Local man Gus McKinnon is leading a push to have the Deniliquin Waring Gardens peacock enclosure retained.
He started an online petition on Monday after reading about Edward River Council’s intentions to investigate removing the popular aviary in the Pastoral Times last week (‘Peacocks could go’, Tuesday, November 21).
At the time of going to print yesterday there were more than 670 supporters.
Mr McKinnon says he considers the peacock enclosure a Deniliquin icon and was inspired by his own memories of visiting the exotic birds with his family as a youngster.
‘‘Before we moved here we would often travel through Deni to visit family in Finley,’’ he said.
‘‘We would stop to see the peacocks and mum and dad would always go for a walk to get a coffee and some food. If we stayed a little longer, they would also stop into a variety of other shops.
‘‘As the enclosure is in the centre of town, its potential for economic gain cannot be ignored.
‘‘The enclosure is iconic to the town and really is the icing on the cake of the Waring Gardens.
‘‘When you have an aviary with exotic birds, it is engaging and educational for adults and children.’’
Mr McKinnon says he’s overwhelmed with the support shown to the cause so far, and encouraged more people to have their say.
‘‘As well as signing the petition, people also have the option to leave a comment or message.
‘‘There’s been a lot of different comments so far — some suggest leaving the aviary as is, others suggest doing the upgrades.

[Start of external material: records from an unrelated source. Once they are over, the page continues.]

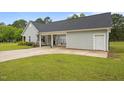View of the exterior elevation showcasing a covered parking and white garage door at 416 Fred Tew Rd, Dunn, NC 28334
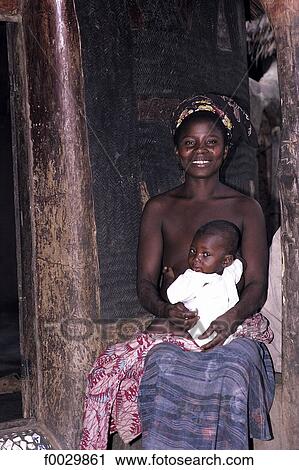 Togo, Bassar woman and her child View Large Photo Image Stock Image - Togo, Bassar woman and her child. Fotosearch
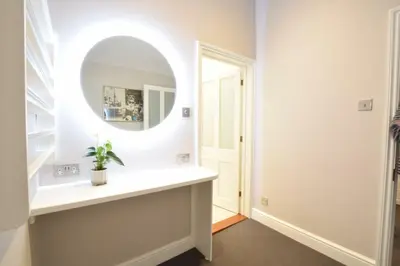 a dressing room with a mirror and a sink at Regatta Lookout in Aldeburgh
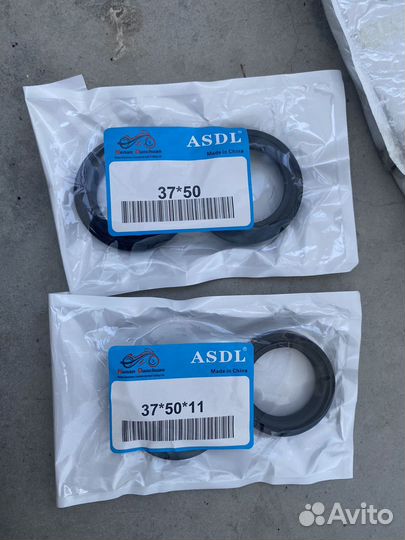 Сальники + пыльники на вилку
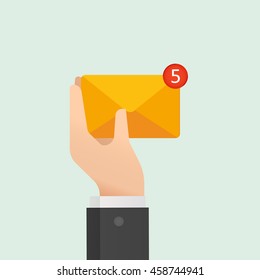 Email concept. Hand holding letter. Mail delivery service.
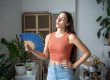 Why Is My AC Not Cooling? Common Causes and Solutionsf with a blue hand fan inside a room with potted plants and framed items in the background. She wears an orange sleeveless top and blue jeans.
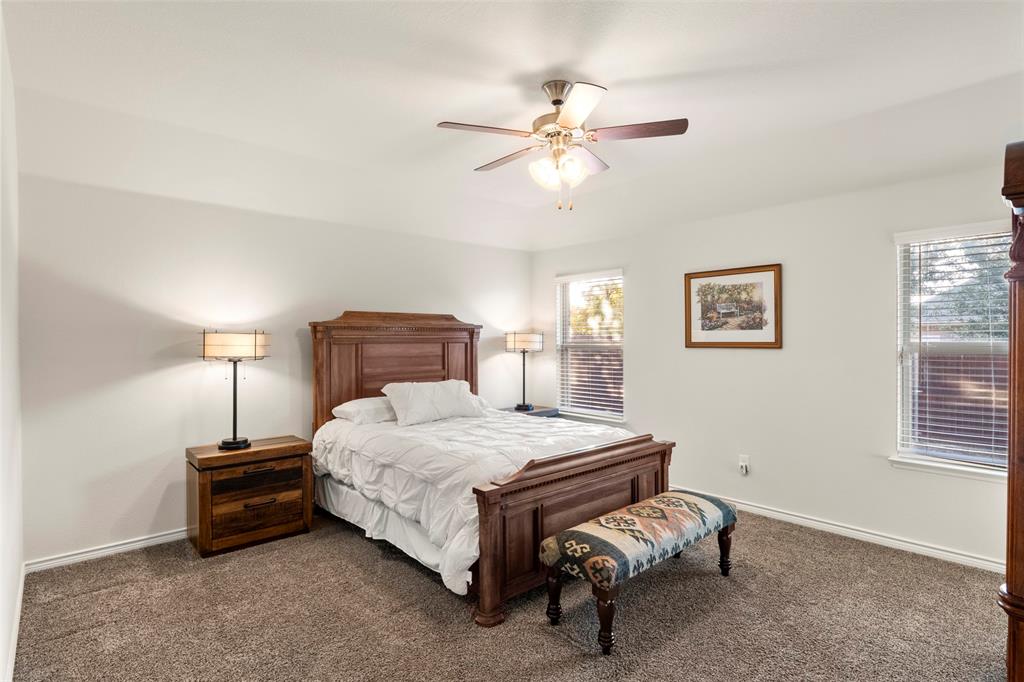 217 Watson Street Red Oak, TX 75154 - Photo 19 of 40 a bedroom with a bed and a chandelier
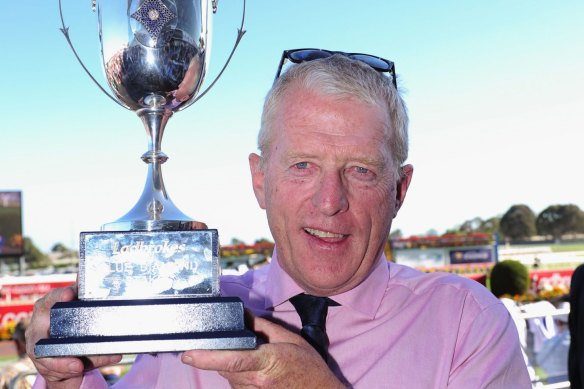 Mick Price, posing with the Blue Diamond Stakes trophy in 2016 after Extreme Choice’s win.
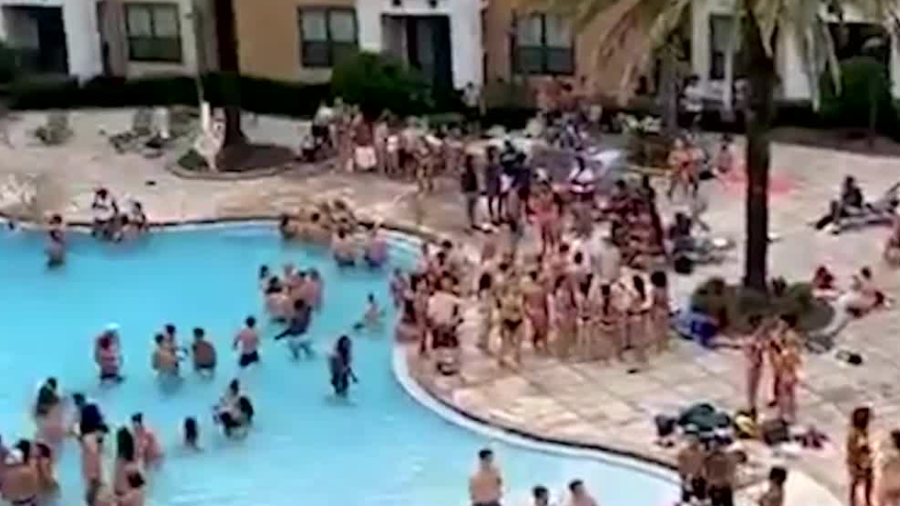 Photo shows people gathering near a pool at an apartment complex near UCF.
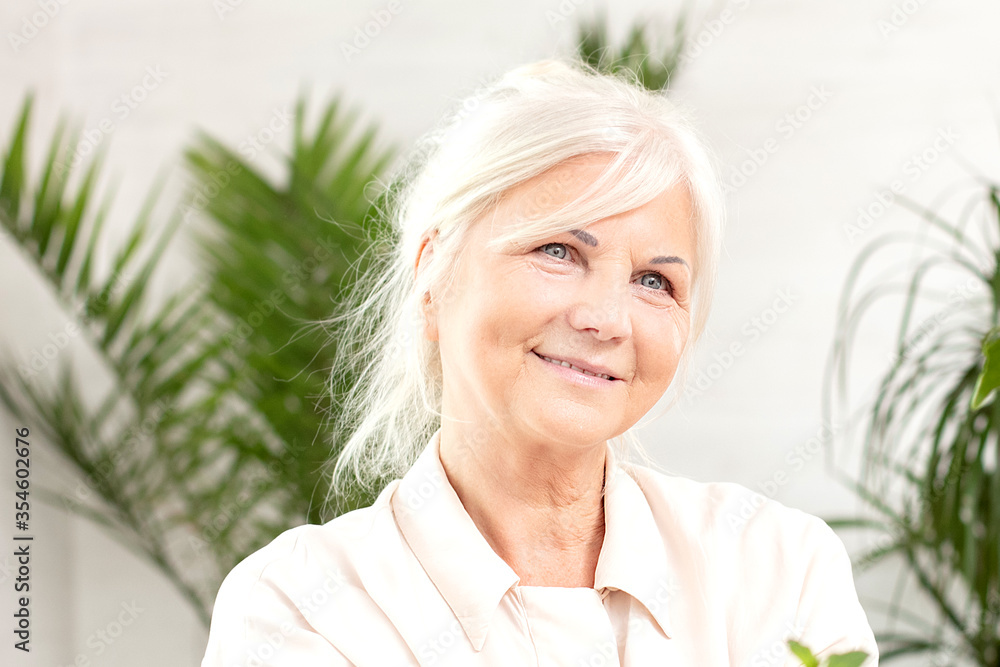 Portrait of smiling beautiful senior lady at home. Portrait of smiling beautiful senior lady at home.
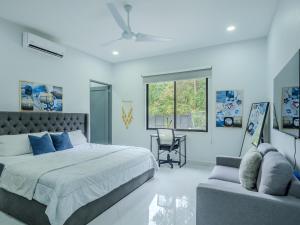 Voodi või voodid majutusasutuse Modern Retreat In The Rainforest With River Access toas +61 fotot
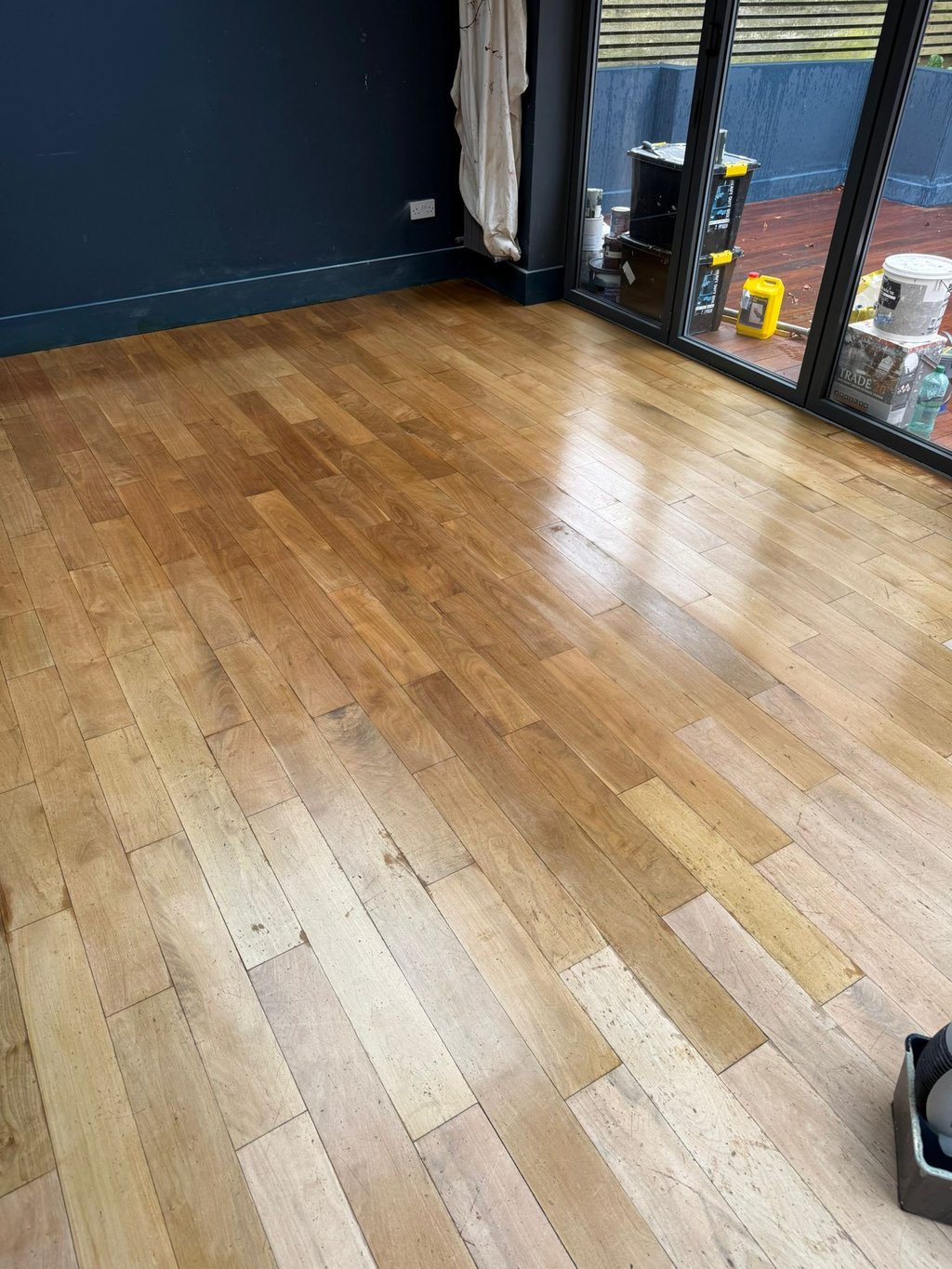  Living room installed and refinished light oak hardwood flooring with a polished finish in Sussex. 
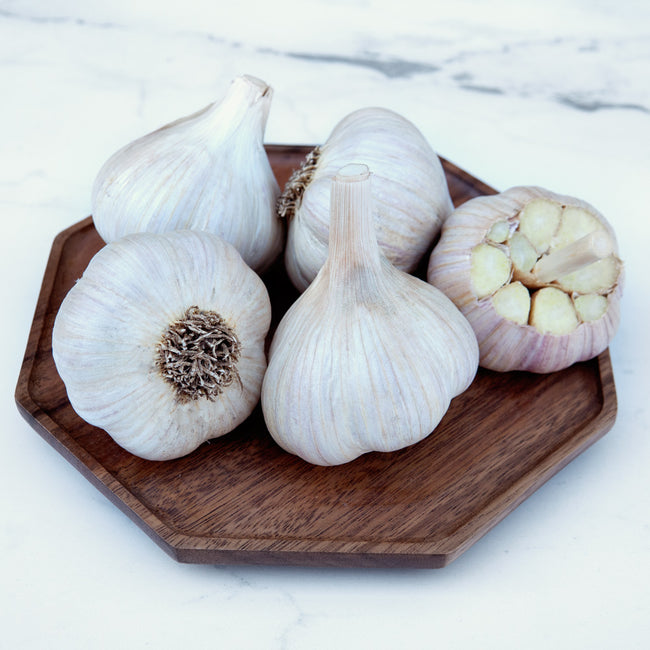 Five rosewood garlic bulbs on a wooden cutting board with a marble background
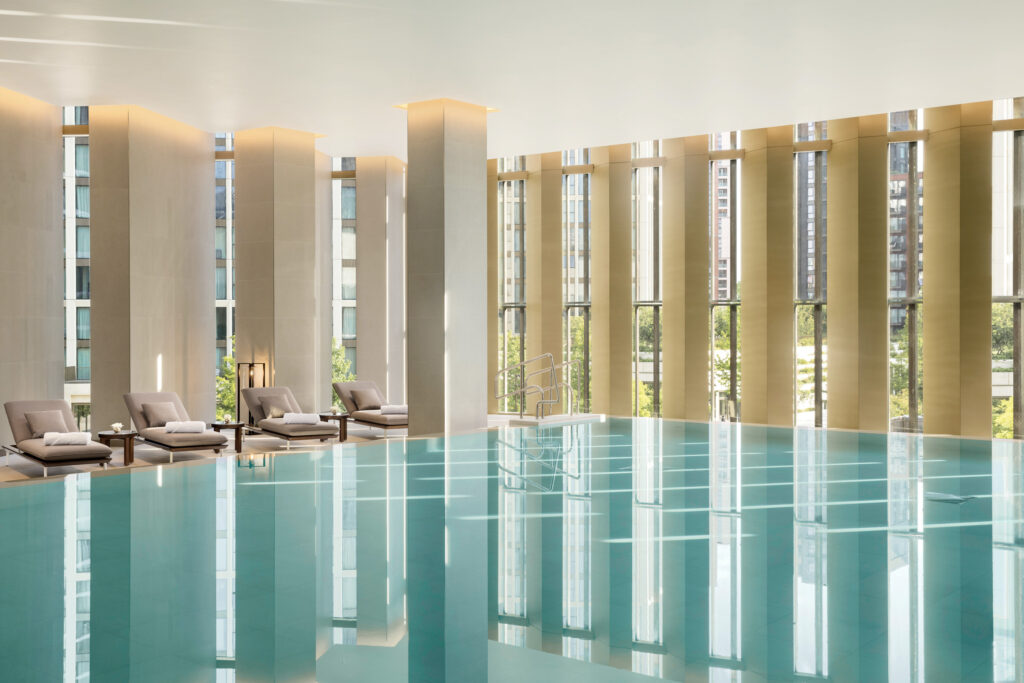 Park Hyatt London large indoor pool with chairs and a large window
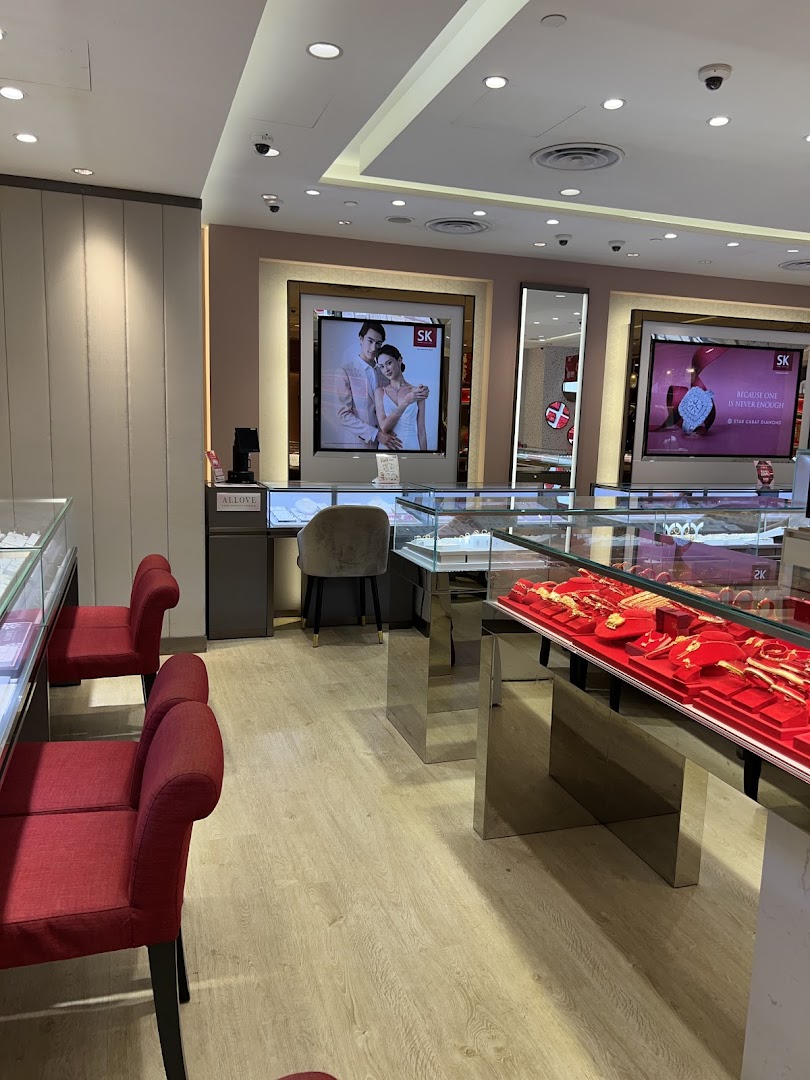 Interior view of SK Jewellery showcasing display cases with gold items, seating, and promotional screens.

Some people even suggested starting a voluntary committee to assist with the upkeep.
‘‘I appreciate the costs associated with keeping the enclosure are high, but we have to spend the money on something.
‘‘Perhaps the money could be taken from council’s reserves to do beautification works.’’
Edward River Council has estimated necessary upgrades to ensure the enclosure is up to animal health standards will cost about $30,000.
Its costings also indicate feed for the enclosure will increase from $6000 a year to $10,000, and that at least two staff will be required to obtain a Certificate III in Captive Animals with the minimum cost for the training being $8580.
‘‘There is so much red tape now, and I think the real catch will be the training component,’’ Mr McKinnon said.
‘‘But we need to make it obvious to the council that there is support for the enclosure to stay.’’
An investigation into the enclosure was started last year, when a complaint led to a site visit from a NSW Department of Primary Industry’s animal welfare officer.
The officer advised the enclosure be screened until the standards required could be met.
A petition against the keeping of caged animals in the gardens was also received by council, signed by 150 people.
Council is inviting submissions on the proposed aviary removal by January 12.
Mayor Norm Brennan said the responses received would guide the recommendations put to council in February.